Description
What to Submit
When you have completed the assignment, move or copy your python scripts and outputs in a directory
(e.g., assignment2), and use the following command to electronically submit your files:
% submit 4415 a2 umapper.py ureducer.py unigrams.txt bmapper.py breducer.py bigrams.txt
tmapper.py treducer.py trigrams.txt frequency-computation.txt skipgrammapper.py
skipgramreducer.py skipgrams.txt iimaper.py iireducer.py inverted-index.txt team.txt
The team.txt file includes information about the team members (first name, last name, student ID,
login, yorku email). You can also submit the files individually after you complete each part of the
assignment– simply execute the submit command and give the filename that you wish to submit.
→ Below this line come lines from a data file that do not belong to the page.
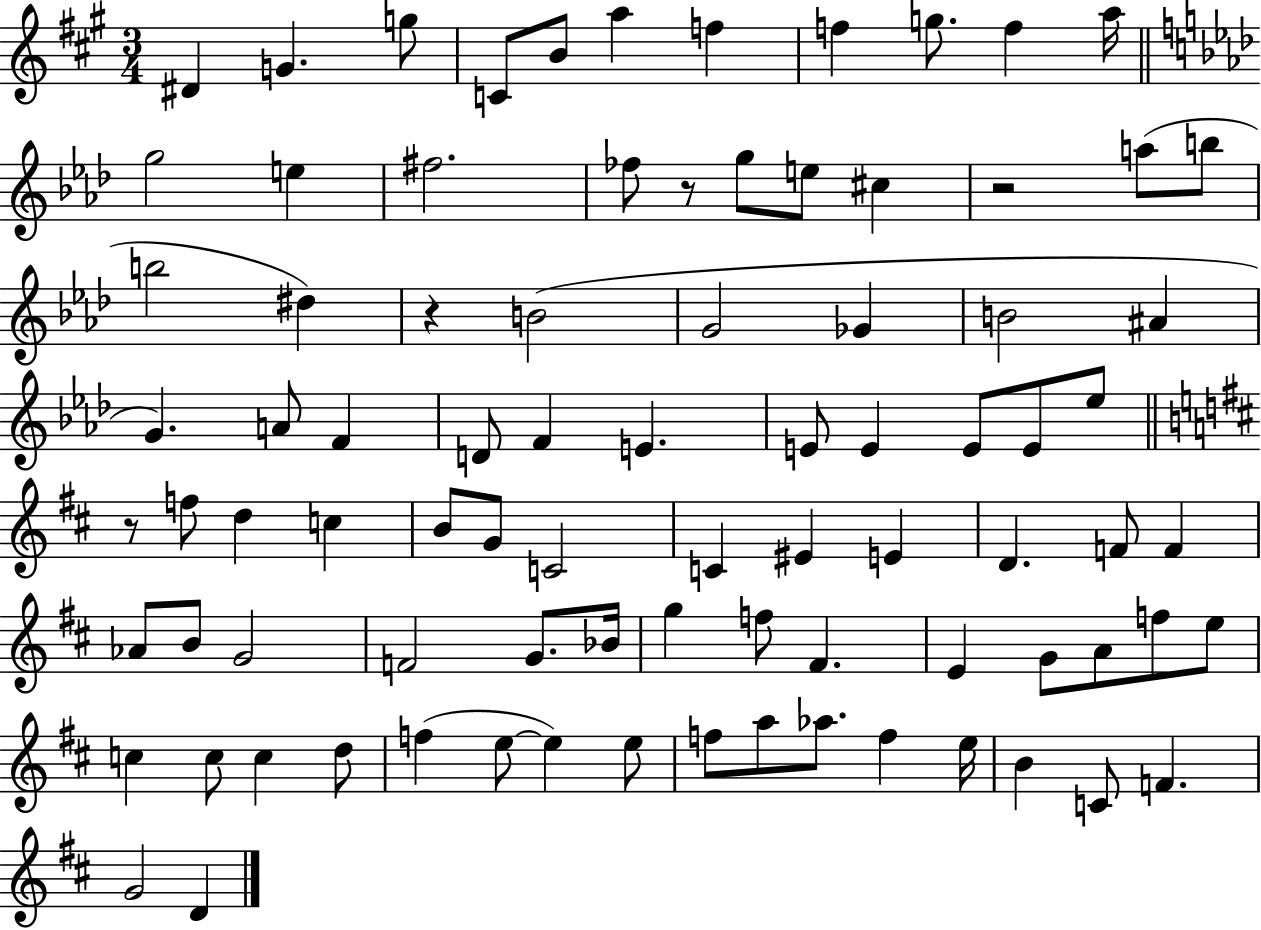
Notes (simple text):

D#4/q G4/q. G5/e C4/e B4/e A5/q F5/q F5/q G5/e. F5/q A5/s G5/h E5/q F#5/h. FES5/e R/e G5/e E5/e C#5/q R/h A5/e B5/e B5/h D#5/q R/q B4/h G4/h Gb4/q B4/h A#4/q G4/q. A4/e F4/q D4/e F4/q E4/q. E4/e E4/q E4/e E4/e Eb5/e R/e F5/e D5/q C5/q B4/e G4/e C4/h C4/q EIS4/q E4/q D4/q. F4/e F4/q Ab4/e B4/e G4/h F4/h G4/e. Bb4/s G5/q F5/e F#4/q. E4/q G4/e A4/e F5/e E5/e C5/q C5/e C5/q D5/e F5/q E5/e E5/q E5/e F5/e A5/e Ab5/e. F5/q E5/s B4/q C4/e F4/q. G4/h D4/q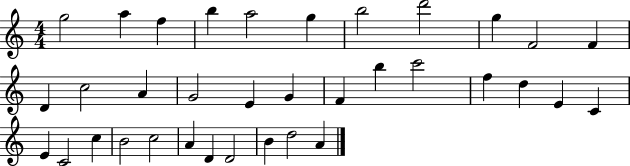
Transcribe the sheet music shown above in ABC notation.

X:1
T:Untitled
M:4/4
L:1/4
K:C
g2 a f b a2 g b2 d'2 g F2 F D c2 A G2 E G F b c'2 f d E C E C2 c B2 c2 A D D2 B d2 A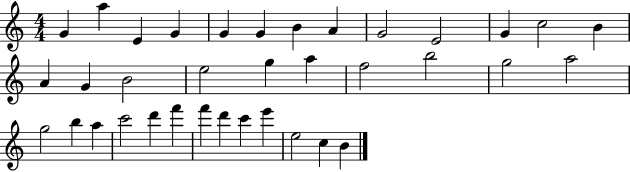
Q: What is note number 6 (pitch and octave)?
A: G4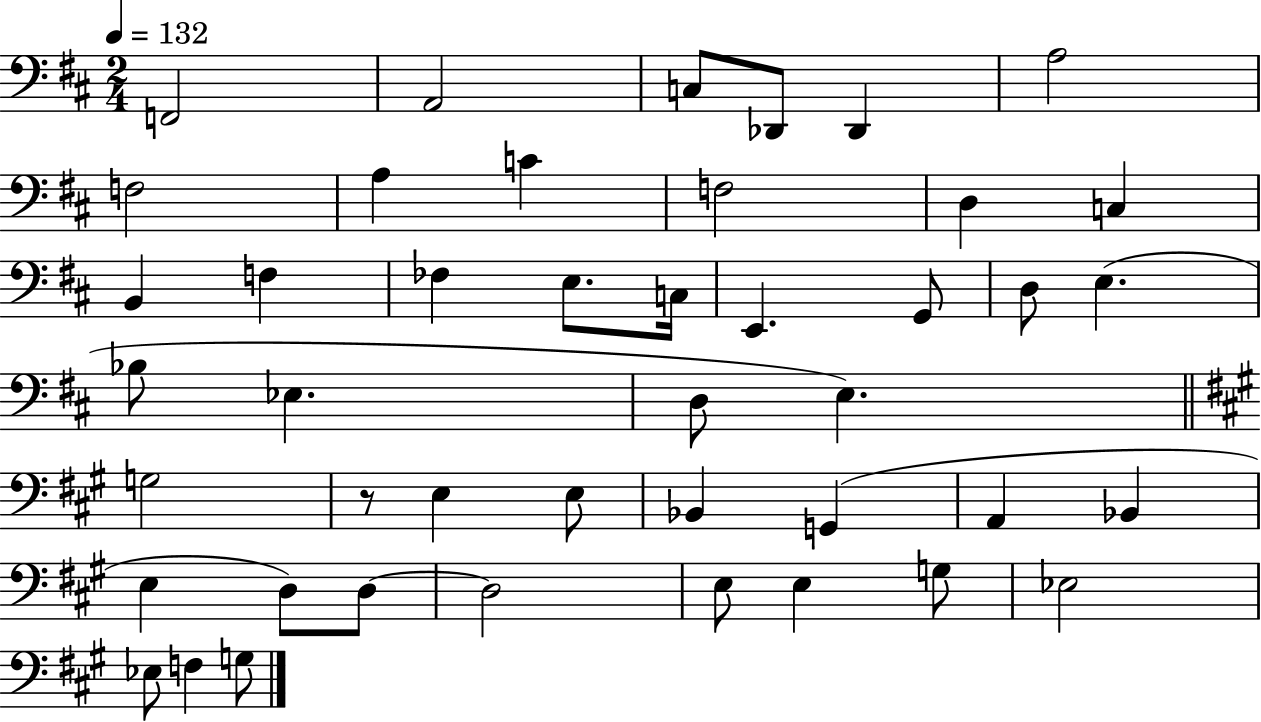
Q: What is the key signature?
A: D major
Make
sure you name your files exactly as stated (including lower/upper case letters). Failure to do so will
result in a mark of 0 being assigned. You may check the status of your submission using the command:
% submit -l 4415 a1
1 https://www.lyricsfreak.com/
A. Distributed Computation of n-grams (35%, 5% each)
In the fields of computational linguistics, an n-gram is a contiguous sequence of n items from a given
sample of text. For this part of the assignment you can assume that items are words collected from song
lyrics. An n-gram of size 1 is referred to as a “unigram”; of size 2 is a “bigram”; of size 3 is a “trigram”.
For example, given the text input “I love ice cream” the following unigrams, bigrams and
trigrams are computed:
unigrams (“I”, “love”, “ice”, “cream”)
bigrams (“I love”, “love ice”, “ice cream”)
trigrams (“I love ice”, “love ice cream”)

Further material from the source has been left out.